Here is how Liu and Hanauer describe the two mindsets:
“Machinebrain sees the world and democracy as a series of mechanisms-clocks and gears, perpetual motion machines, balances and counterbalances. Machinebrain requires you to conceive of the economy as perfectly efficient and automatically self-correcting. Machinebrain presuppose stability and predictability, and only grudgingly admits the need for correction. Even the word commonly used for such correction- “regulation”- is mechanical in origin and regrettable connotation.
“Gardenbrain sees the world and democracy as an entwined set of ecosystems-sinks and sources of trust and social capital, webs of economic growth, networks of behavioral contagion. Gardenbrain forces you to conceive of the economy as man-made and effective only if well-constructed and well cared-for. Gardenbrain presupposes instability and unpredictability, and thus expects a continuous need for seeding, feeding, and weeding ever-changing systems. To be a gardener is not to let nature take its course; it is to tend. It is to accept responsibility for nurturing the good growth and killing the bad.

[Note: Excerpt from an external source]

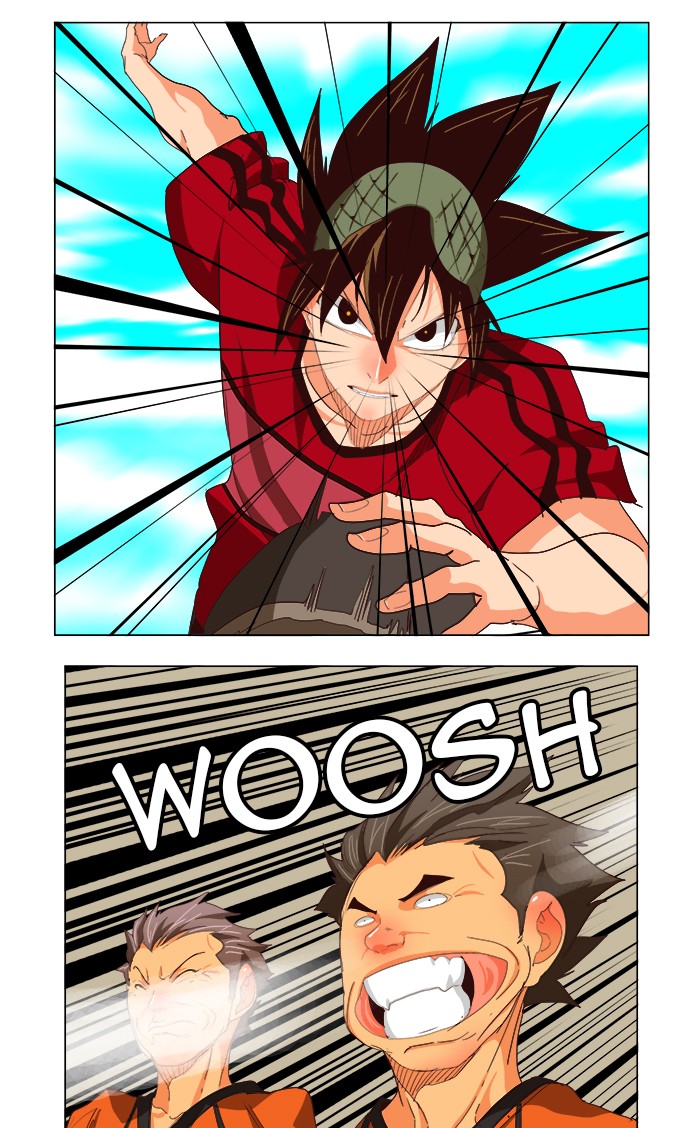 The God of High School Chapter 215 page 26 - Chapter 215: Ep. 215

Tending and regulating thus signify the same work, but tending frames the work as presumptively necessary and beneficial rather than as something to be suffered.
“Machinebrain treats people as cogs: votes to be collected by political machines; consumes to be manipulated by marketing machines; employees to be plugged into industrial machines. It is a static mindset of control and fixity, and is the basis of most of our inherited institutions, from schools to corporations to prisons.
“Gardenbrain sees people as interdependent creators of dynamic world: our emotions affect each other; our personal choices cascade into public patterns, which can be shaped but rarely controlled. It is a dynamic mindset of influence and evolution, of direction without control, and is the basis of our future.
“Machinebrain allows you to rationalize atomized selfishness and a neglect of larger problems. It accepts social ills like poverty, environmental degradation, and ignorance as the inevitable outcome of an efficient marketplace. It is fatalistic and reductionist, treating change as an unnecessary and risky deviation from the norm.
“Gardenbrain recognizes such social ills and the shape of our society as the byproduct of man-made arrangements. It is evolutionary and holistic, treating change as the norm, essential and full of opportunity. It leads you to acknowledge that human societies thrive only through active gardening.”
In their understanding of “gardenbrain,” the gardener is still in charge. She or he must work organically, with the natural inclinations of the elements of the garden — but she or he is still the gardener. They are tending.
I would say I see community as broader than that. It is not a garden, but a forest. Larger than any one gardener is likely to affect singlehandedly.
I am beginning to think of this approach as “forestbrain.” And I think of the relationship that someone might have to such a forest as akin to how a ranger thinks of her or his role. In a forest, there are some built areas (a fire ring at a campsite), and there may be some areas that need tending (a denuded meadow being brought back) — but the overall thing is larger than any of these individual efforts. It is an inherently open system that reacts dynamically and on which people may act not so much from outside but from within.